Please write out exactly the lines from the one with "Used 2021 Toyota Highlander LE image 32" through the end of the data below, both ends included, and omit any pictures.

Available data »

★ ★ ★

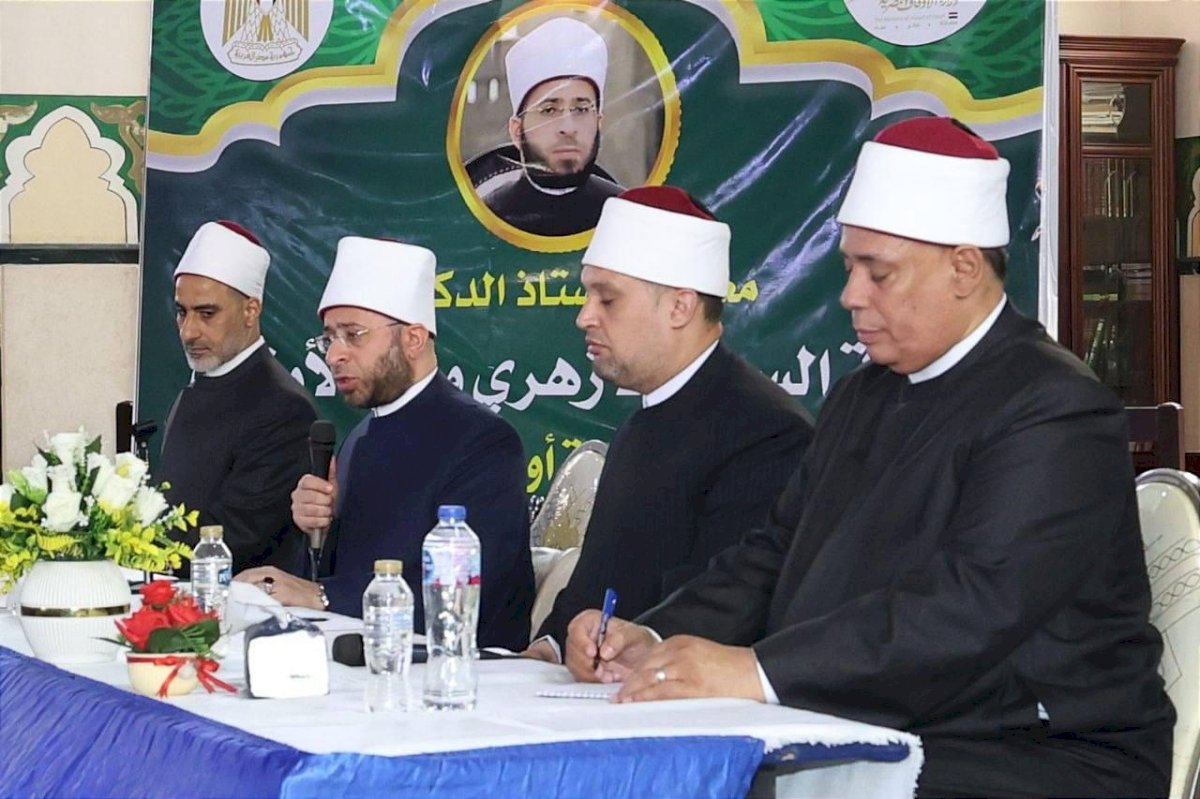 وزير الأوقاف يعقد اجتماعًا مع أئمة أوقاف الجيزة لبحث تطوير العمل الدعوي والارتقاء بالأداء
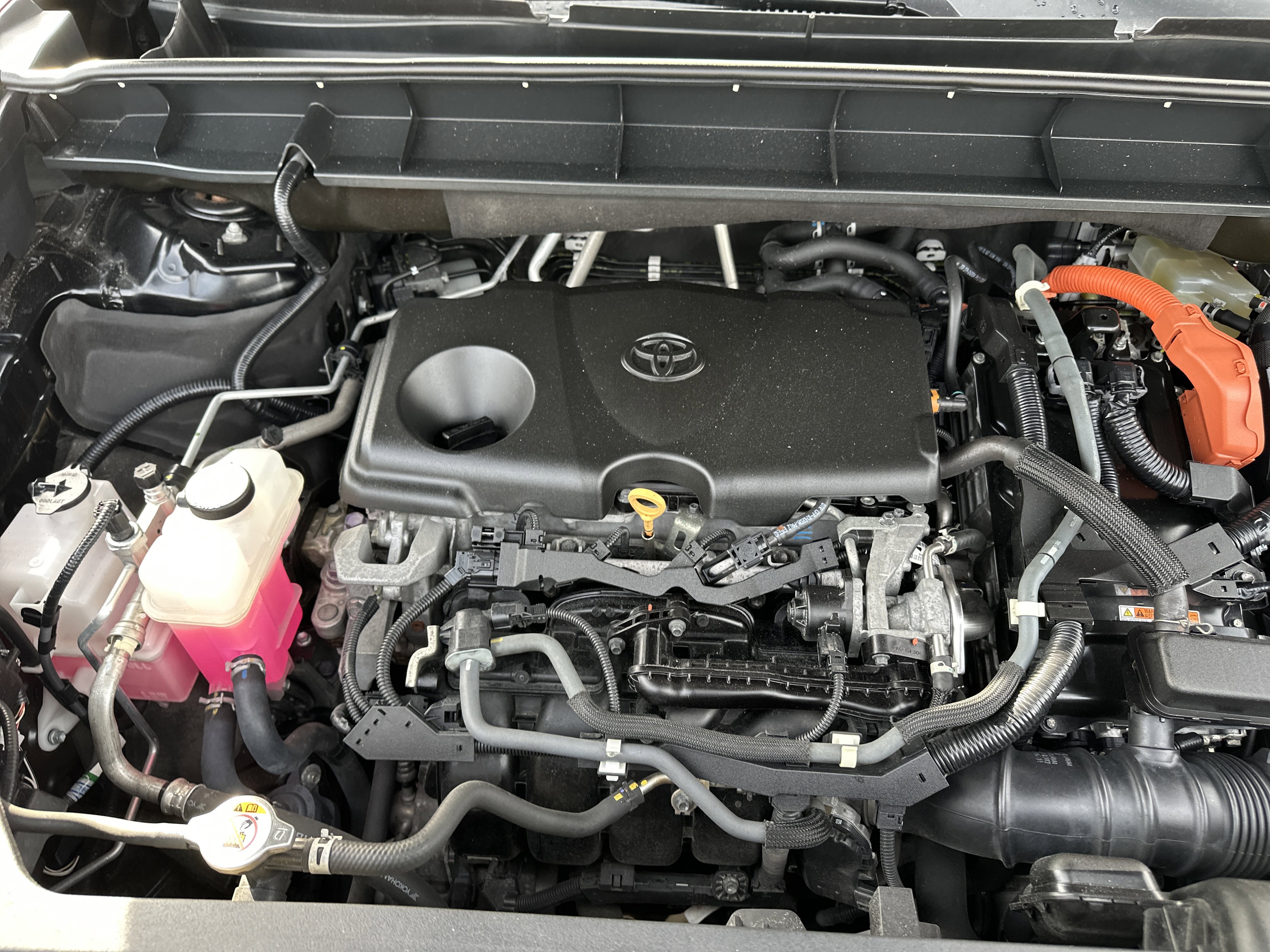 Used 2021 Toyota Highlander LE image 32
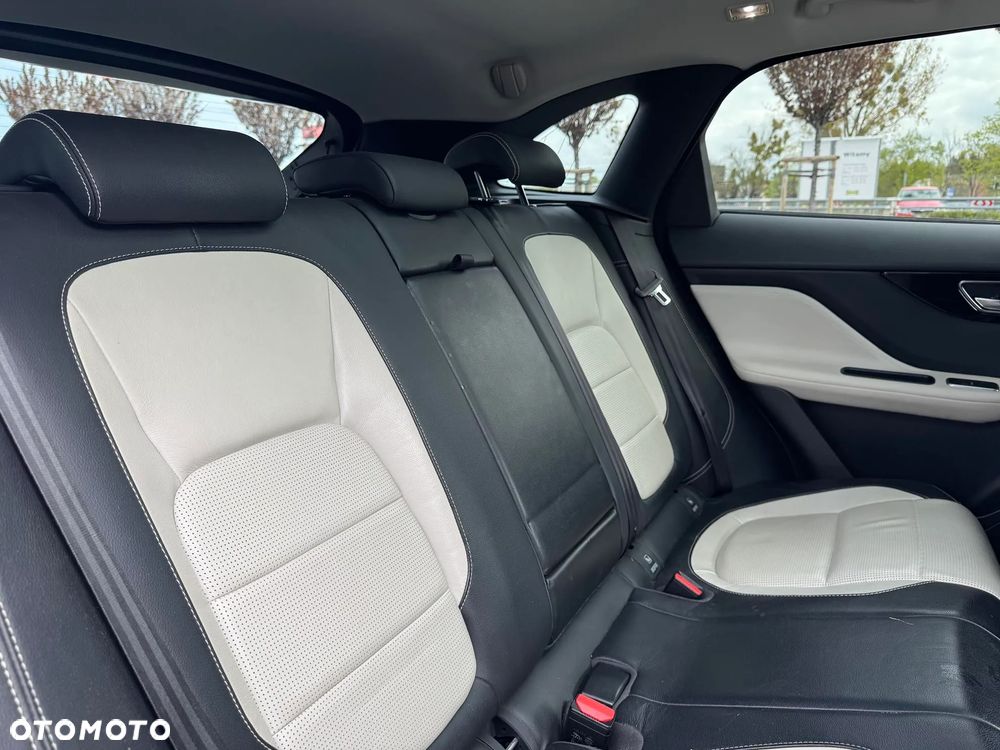Jaguar F-Pace 20d AWD R-Sport - 15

★ ★ ★

Solution to this problem »
 Used 2021 Toyota Highlander LE image 32
Jaguar F-Pace 20d AWD R-Sport - 15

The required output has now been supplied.